Cosmogenic Neutrinos: parameter space and detectabilty from PeV to ZeV
Kumiko Kotera, Denis Allard, Angela V. Olinto

TL;DR
This paper explores the expected flux of cosmogenic neutrinos across a wide energy range, analyzing how different cosmic ray source models and compositions influence their detectability with current and future observatories.
Contribution
It provides a comprehensive parameter space analysis of cosmogenic neutrino fluxes considering recent cosmic ray data, source evolution, and composition models, and discusses implications for detection.
Findings
Detectable neutrino rates in the next decade with IceCube and Pierre Auger Observatory.
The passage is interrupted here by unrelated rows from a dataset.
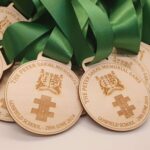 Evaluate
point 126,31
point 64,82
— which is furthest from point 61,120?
point 126,31

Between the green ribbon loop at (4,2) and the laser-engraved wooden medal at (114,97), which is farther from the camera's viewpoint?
the green ribbon loop at (4,2)

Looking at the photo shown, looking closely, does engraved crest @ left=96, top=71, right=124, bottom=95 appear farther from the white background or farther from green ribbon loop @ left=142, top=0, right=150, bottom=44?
green ribbon loop @ left=142, top=0, right=150, bottom=44

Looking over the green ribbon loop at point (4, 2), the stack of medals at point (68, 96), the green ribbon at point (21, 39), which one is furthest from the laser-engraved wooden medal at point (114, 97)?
the green ribbon loop at point (4, 2)

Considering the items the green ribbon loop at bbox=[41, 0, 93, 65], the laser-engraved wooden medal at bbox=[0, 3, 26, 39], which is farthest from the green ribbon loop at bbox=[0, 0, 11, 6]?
the green ribbon loop at bbox=[41, 0, 93, 65]

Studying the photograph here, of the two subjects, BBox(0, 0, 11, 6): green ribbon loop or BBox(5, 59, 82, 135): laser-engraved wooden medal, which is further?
BBox(0, 0, 11, 6): green ribbon loop

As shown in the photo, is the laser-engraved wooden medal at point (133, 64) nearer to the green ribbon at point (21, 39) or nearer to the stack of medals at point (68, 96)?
the stack of medals at point (68, 96)

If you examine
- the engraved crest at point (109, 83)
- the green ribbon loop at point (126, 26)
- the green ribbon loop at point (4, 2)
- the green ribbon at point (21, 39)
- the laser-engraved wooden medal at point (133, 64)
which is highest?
the green ribbon loop at point (4, 2)

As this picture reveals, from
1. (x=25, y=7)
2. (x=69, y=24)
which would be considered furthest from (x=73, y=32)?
(x=25, y=7)

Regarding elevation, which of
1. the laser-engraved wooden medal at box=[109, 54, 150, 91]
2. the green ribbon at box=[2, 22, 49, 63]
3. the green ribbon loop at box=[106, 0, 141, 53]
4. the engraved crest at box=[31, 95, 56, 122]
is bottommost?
the laser-engraved wooden medal at box=[109, 54, 150, 91] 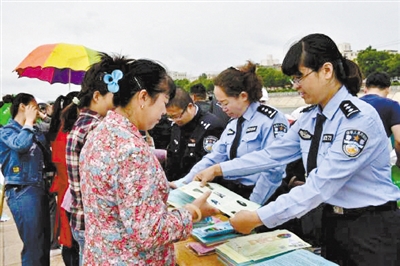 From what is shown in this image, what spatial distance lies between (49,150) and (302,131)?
224 centimetres

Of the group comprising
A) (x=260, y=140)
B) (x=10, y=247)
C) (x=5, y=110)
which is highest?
(x=260, y=140)

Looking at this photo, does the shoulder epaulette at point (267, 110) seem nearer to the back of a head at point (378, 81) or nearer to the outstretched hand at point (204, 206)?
the outstretched hand at point (204, 206)

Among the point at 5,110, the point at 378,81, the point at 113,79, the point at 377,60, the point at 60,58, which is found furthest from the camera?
the point at 377,60

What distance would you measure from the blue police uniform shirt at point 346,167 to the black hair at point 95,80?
0.76m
Flux variability in the EeV range is low, aiding model discrimination.
ZeV neutrino observatories can constrain maximum cosmic ray acceleration energies.
Abstract
While propagating from their source to the observer, ultrahigh energy cosmic rays interact with cosmological photon backgrounds and generate to the so-called "cosmogenic neutrinos". Here we study the parameter space of the cosmogenic neutrino flux given recent cosmic ray data and updates on plausible source evolution models. The shape and normalization of the cosmogenic neutrino flux are very sensitive to some of the current unknowns of ultrahigh energy cosmic ray sources and composition. We investigate various chemical compositions and maximum proton acceleration energies E_p,max which are allowed by current observations. We consider different models of source evolution in redshift and three possible scenarios for the Galactic to extragalactic transition. We summarize the parameter space for cosmogenic neutrinos into three regions: an optimistic scenario that is currently being…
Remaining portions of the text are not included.